Uniq
(since EVL 2.1)
Read stdin or <f_in>
and write to stdout or <f_out>
last record in the group
specified by the <key>
. The input must be sorted according to this key.
- Uniq
-
is to be used in EVS job structure definition file.
<f_in>
and<f_out>
are either input and output file or flow name. - evl uniq
-
is intended for standalone usage, i.e. to be invoked from command line and reading records from standard input and writing to standard output.
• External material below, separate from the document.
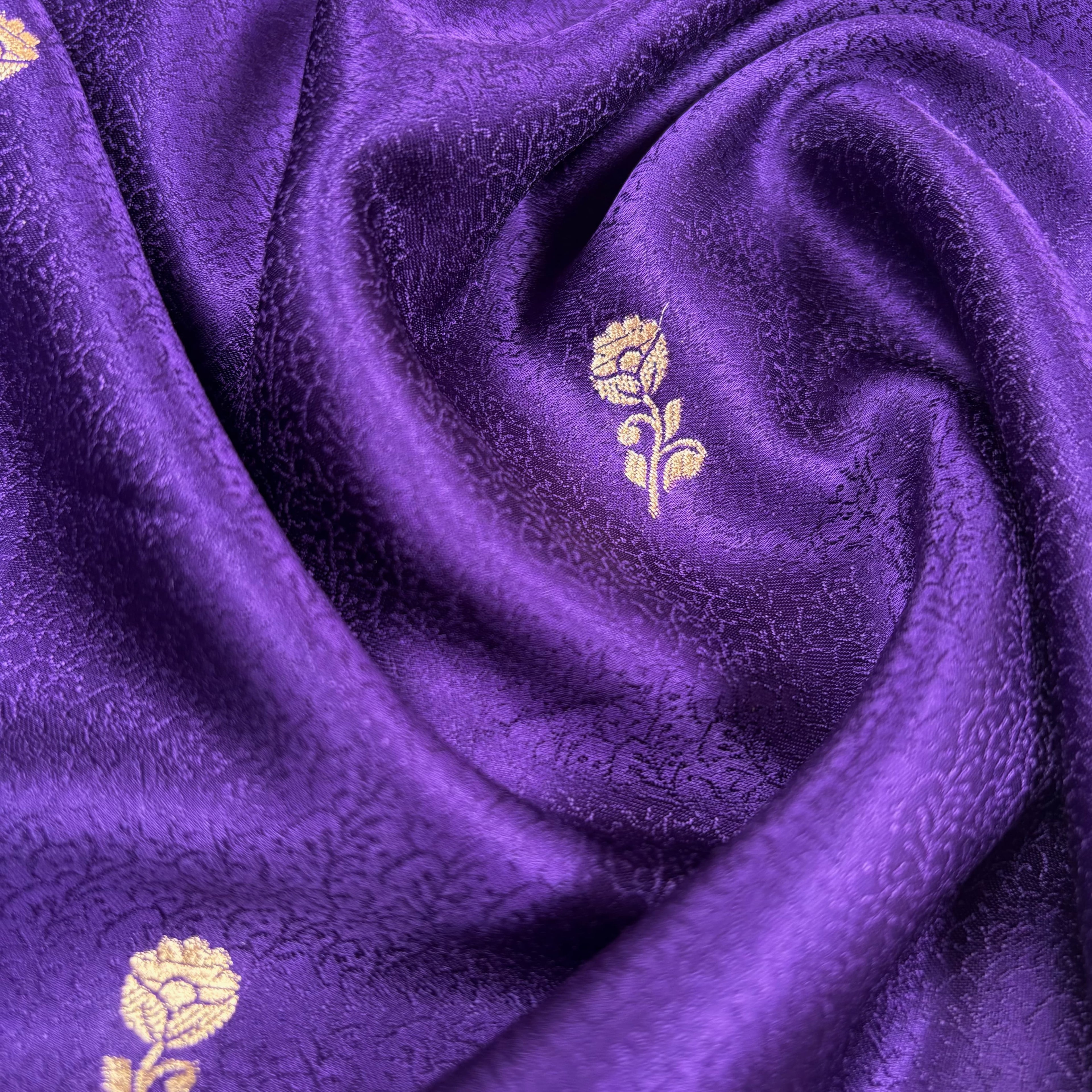 Purple Banarasi Mashru Tanchui Silk Saree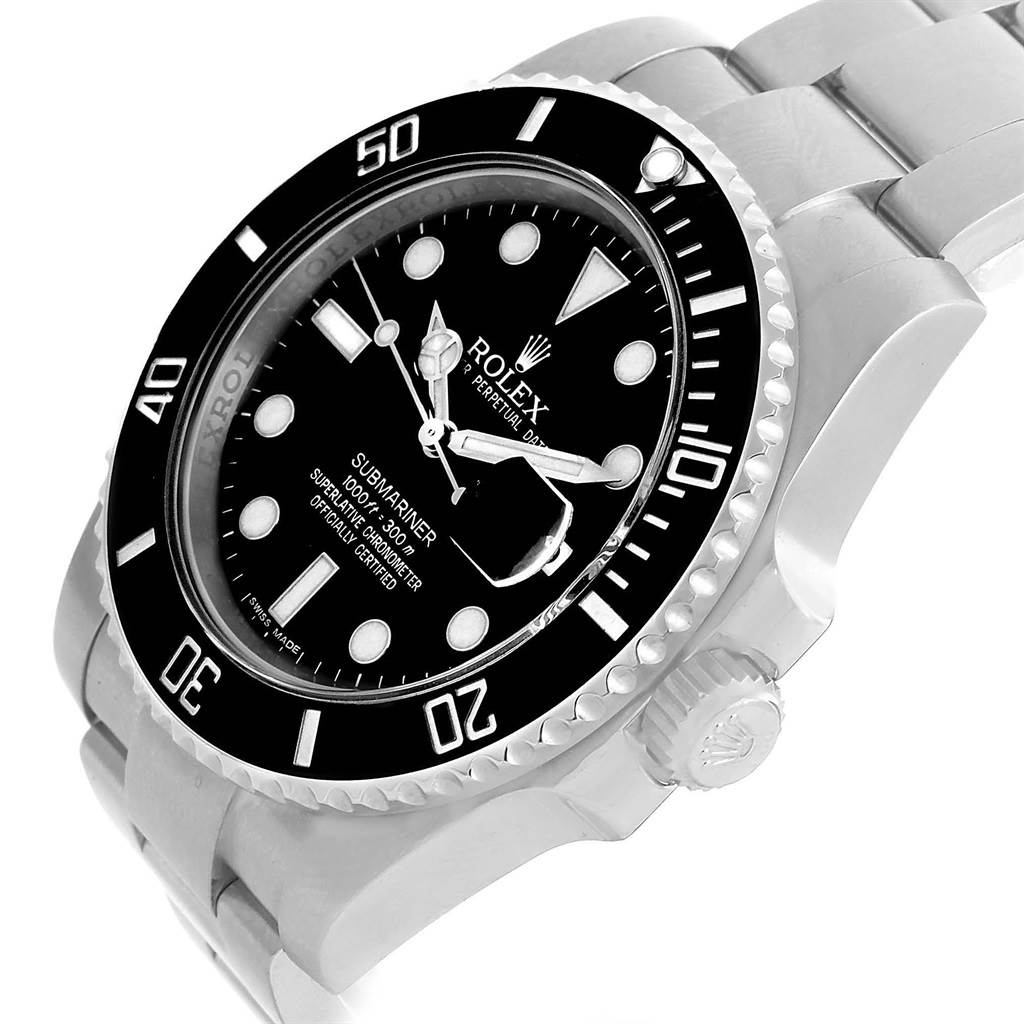 The image shows the Rolex Submariner 116610 Men's Stainless Steel Black Dial 116610 Men's Stainless Steel Black Dial watch at a three-quarter angle, highlighting the face, bezel, and start of the bracelet.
EVD and EVS are EVL definition files, for details see evl-evd(5) and evl-evs(5).
Synopsis
Uniq <f_in> <f_out> (<evd>|-d <inline_evd>) -k <key> [-c|--check-sort] [-i|--ignore-case] [--reject=<file>] [-t|--keep-first] [--validate] [-x|--text-input] [-y|--text-output] evl uniq [<evd>] -k <key> [-c|--check-sort] [-i|--ignore-case] [--reject=<file>] [-t|--keep-first] [--validate] [-x|--text-input] [-y|--text-output] [-v|--verbose] evl uniq ( --help | --usage | --version )
Options
- -c, --check-sort
-
check if the input is sorted and fail if not
- -d, --data-definition=<inline_evd>
-
either this option or the file <evd> must be presented. Example: -d ’id int, user_id string(6) enc=iso-8859-1’
- -i, --ignore-case
-
ignore case sensitivity for key fields
- -k, --key=<key>
-
deduplicate via a key, where <key> is comma separated list of fields with type (default type is ASC). Example: -k ’id,user_id DESC,modify_dt ASC’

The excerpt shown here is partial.